Entries supplied:
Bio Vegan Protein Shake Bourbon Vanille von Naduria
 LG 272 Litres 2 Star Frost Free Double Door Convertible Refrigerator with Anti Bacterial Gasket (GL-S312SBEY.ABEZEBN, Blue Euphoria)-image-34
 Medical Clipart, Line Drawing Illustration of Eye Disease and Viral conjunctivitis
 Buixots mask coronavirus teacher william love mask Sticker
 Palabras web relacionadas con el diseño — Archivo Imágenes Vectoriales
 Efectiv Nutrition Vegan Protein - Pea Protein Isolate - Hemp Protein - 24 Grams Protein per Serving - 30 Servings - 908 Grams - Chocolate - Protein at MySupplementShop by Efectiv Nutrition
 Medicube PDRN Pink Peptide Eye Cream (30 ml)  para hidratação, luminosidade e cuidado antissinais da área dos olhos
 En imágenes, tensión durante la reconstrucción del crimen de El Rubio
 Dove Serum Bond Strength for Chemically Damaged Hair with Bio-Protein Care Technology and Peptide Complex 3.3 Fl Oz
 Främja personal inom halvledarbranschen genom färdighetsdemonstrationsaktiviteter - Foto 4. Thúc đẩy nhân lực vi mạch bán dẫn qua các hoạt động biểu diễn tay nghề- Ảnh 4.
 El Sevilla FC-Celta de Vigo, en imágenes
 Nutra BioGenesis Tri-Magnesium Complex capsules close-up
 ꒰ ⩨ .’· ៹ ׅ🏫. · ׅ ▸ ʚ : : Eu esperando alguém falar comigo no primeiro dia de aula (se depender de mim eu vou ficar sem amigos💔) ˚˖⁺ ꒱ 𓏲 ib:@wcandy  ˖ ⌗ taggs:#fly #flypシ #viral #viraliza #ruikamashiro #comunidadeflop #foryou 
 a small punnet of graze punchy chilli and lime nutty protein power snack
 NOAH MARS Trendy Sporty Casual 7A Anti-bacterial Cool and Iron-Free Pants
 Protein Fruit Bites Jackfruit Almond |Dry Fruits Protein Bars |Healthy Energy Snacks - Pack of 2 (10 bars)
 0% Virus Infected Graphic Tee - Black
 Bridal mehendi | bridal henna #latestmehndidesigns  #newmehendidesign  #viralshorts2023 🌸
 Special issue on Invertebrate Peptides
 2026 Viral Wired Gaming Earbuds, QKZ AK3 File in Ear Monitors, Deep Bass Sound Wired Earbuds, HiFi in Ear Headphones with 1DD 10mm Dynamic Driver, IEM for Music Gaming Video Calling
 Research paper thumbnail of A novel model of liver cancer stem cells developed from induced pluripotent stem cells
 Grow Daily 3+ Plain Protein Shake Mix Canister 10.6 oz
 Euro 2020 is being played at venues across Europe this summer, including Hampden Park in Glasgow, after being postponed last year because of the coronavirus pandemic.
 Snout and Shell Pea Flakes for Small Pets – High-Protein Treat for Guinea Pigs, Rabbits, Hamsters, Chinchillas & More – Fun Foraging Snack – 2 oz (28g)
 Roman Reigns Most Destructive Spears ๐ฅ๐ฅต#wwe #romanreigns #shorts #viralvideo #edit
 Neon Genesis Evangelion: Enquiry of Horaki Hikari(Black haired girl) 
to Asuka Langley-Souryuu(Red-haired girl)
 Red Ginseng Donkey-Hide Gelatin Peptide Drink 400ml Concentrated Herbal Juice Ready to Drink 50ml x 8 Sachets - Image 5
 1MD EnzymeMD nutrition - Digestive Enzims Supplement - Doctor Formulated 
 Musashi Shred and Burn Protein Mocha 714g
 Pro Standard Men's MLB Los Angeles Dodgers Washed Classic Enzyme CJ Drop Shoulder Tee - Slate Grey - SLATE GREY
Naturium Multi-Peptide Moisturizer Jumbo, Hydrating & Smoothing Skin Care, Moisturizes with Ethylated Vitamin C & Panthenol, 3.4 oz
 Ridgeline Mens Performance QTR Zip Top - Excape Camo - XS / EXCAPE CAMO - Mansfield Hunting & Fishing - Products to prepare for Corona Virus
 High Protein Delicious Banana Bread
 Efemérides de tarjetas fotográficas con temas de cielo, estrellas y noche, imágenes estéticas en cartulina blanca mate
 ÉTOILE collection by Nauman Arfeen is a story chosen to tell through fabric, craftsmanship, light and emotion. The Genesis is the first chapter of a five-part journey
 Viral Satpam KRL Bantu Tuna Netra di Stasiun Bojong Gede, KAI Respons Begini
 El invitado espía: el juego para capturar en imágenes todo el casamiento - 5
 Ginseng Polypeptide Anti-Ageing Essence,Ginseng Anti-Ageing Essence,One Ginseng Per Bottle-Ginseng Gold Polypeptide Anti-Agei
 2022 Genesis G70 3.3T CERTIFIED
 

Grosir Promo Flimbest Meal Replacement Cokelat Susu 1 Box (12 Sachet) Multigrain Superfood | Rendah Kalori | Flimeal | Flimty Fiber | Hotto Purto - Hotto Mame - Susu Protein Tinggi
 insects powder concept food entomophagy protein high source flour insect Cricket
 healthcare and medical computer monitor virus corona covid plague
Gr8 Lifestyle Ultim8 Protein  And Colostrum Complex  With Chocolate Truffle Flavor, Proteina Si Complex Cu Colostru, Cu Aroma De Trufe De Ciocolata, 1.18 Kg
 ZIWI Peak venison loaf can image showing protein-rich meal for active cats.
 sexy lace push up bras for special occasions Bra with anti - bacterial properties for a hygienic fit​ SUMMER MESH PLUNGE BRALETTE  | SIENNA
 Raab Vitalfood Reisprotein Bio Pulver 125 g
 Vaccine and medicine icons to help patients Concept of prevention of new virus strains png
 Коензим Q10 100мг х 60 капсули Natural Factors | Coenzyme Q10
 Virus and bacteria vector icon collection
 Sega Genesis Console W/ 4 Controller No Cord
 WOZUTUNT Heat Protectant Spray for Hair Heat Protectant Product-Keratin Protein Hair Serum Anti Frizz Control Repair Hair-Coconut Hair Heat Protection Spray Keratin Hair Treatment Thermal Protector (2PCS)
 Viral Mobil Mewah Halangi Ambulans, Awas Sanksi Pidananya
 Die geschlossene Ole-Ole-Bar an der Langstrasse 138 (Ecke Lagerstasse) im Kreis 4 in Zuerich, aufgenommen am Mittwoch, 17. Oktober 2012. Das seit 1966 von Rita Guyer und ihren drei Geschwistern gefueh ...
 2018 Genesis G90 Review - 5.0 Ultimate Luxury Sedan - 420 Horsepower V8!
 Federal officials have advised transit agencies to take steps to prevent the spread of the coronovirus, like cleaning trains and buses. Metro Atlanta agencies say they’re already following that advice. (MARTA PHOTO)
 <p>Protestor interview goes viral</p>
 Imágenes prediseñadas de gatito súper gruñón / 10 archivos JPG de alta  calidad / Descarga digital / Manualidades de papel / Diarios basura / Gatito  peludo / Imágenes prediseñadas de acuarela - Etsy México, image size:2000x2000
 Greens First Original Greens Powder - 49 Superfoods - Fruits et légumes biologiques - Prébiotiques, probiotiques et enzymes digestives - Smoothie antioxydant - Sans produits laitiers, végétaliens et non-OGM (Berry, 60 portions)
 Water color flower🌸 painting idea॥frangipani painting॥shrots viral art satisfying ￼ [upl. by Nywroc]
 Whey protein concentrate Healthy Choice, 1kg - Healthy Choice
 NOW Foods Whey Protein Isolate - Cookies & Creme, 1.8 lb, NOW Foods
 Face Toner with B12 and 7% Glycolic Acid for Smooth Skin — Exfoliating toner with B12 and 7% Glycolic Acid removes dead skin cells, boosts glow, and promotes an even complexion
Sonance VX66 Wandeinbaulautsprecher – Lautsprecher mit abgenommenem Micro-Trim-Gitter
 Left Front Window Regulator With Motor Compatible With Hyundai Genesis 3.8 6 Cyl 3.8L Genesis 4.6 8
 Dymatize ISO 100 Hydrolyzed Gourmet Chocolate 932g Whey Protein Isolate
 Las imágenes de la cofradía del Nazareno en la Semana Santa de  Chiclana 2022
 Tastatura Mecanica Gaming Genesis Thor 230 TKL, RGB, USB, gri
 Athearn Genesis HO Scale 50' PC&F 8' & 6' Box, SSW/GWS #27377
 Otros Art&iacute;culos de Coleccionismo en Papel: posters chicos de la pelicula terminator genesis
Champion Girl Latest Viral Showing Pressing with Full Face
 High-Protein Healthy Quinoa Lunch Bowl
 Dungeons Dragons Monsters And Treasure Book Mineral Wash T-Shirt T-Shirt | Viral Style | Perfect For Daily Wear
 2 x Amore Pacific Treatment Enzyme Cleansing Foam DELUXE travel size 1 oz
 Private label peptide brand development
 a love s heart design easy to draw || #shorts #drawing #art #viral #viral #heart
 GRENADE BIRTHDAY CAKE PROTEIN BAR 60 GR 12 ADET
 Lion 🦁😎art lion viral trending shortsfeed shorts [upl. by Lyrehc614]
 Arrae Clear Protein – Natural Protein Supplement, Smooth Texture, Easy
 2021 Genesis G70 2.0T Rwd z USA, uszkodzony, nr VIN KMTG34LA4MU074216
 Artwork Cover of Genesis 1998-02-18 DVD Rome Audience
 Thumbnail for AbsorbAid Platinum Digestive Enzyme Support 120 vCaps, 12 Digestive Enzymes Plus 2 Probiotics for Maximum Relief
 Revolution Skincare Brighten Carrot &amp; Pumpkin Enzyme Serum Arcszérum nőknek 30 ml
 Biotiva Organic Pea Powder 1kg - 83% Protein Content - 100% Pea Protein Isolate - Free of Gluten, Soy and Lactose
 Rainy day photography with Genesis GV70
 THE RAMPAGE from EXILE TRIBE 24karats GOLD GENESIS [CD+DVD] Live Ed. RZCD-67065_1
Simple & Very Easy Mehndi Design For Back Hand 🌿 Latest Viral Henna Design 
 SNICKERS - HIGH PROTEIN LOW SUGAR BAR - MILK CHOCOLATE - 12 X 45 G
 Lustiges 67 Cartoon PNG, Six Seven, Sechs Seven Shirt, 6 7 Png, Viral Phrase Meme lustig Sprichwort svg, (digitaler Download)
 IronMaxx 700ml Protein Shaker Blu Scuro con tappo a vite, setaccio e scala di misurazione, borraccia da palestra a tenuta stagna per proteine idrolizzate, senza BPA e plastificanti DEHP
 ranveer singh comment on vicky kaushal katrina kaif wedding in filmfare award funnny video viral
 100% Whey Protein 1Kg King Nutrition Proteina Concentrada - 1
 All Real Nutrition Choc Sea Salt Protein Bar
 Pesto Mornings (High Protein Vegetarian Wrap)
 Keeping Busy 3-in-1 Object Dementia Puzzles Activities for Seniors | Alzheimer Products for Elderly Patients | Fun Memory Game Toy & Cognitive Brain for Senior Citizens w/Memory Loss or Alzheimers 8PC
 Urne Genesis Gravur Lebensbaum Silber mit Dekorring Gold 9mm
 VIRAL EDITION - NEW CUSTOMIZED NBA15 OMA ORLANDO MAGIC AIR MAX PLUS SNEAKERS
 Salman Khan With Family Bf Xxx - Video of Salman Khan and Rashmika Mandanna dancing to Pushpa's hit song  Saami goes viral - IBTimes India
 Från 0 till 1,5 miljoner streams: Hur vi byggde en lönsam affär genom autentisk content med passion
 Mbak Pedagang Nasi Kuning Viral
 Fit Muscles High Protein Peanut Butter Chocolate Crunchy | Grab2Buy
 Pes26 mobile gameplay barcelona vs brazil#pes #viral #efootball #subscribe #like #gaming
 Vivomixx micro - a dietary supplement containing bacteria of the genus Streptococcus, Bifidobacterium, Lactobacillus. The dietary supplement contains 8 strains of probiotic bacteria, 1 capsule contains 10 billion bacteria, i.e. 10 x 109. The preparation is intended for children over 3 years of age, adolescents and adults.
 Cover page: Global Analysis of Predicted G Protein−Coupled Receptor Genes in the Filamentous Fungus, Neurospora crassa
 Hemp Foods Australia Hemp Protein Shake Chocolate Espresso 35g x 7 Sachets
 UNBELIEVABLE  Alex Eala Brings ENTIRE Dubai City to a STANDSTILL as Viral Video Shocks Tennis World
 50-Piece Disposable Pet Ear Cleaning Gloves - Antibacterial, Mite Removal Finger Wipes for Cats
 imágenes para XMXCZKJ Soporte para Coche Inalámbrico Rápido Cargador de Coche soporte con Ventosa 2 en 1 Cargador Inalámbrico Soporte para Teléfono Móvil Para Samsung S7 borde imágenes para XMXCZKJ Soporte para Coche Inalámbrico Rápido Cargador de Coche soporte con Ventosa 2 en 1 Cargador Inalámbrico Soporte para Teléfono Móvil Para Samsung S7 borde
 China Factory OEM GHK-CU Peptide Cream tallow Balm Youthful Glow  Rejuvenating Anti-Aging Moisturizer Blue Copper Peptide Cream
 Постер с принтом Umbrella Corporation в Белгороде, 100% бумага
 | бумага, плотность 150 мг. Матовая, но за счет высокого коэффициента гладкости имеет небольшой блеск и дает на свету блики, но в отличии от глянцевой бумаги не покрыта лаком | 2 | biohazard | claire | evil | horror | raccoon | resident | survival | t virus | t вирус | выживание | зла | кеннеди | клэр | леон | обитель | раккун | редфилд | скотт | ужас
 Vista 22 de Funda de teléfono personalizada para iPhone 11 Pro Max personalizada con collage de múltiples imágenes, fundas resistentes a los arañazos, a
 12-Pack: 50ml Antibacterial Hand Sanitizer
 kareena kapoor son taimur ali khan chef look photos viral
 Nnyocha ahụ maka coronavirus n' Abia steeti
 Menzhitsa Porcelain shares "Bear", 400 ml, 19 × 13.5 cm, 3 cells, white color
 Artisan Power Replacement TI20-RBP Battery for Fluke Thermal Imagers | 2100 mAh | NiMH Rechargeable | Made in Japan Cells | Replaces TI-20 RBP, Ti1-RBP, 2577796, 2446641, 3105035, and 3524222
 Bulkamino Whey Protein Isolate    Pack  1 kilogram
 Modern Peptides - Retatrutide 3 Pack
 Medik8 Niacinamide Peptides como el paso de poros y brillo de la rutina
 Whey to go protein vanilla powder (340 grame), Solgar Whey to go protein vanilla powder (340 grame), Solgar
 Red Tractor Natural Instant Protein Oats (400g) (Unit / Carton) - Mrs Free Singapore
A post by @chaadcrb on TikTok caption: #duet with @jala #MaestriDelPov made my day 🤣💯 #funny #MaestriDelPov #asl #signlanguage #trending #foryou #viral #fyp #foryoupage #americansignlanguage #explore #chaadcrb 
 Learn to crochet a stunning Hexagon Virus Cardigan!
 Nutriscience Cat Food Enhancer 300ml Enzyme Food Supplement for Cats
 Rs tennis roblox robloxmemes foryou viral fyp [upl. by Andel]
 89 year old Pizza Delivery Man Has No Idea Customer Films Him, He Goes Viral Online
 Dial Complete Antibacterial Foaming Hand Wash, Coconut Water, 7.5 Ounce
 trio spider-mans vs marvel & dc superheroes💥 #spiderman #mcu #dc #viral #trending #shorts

What the task requires: Return exactly the leading lines of the listing, stopping after the line in which "Medical Clipart, Line" occurs.

Response to this exercise:
Bio Vegan Protein Shake Bourbon Vanille von Naduria
 LG 272 Litres 2 Star Frost Free Double Door Convertible Refrigerator with Anti Bacterial Gasket (GL-S312SBEY.ABEZEBN, Blue Euphoria)-image-34
 Medical Clipart, Line Drawing Illustration of Eye Disease and Viral conjunctivitis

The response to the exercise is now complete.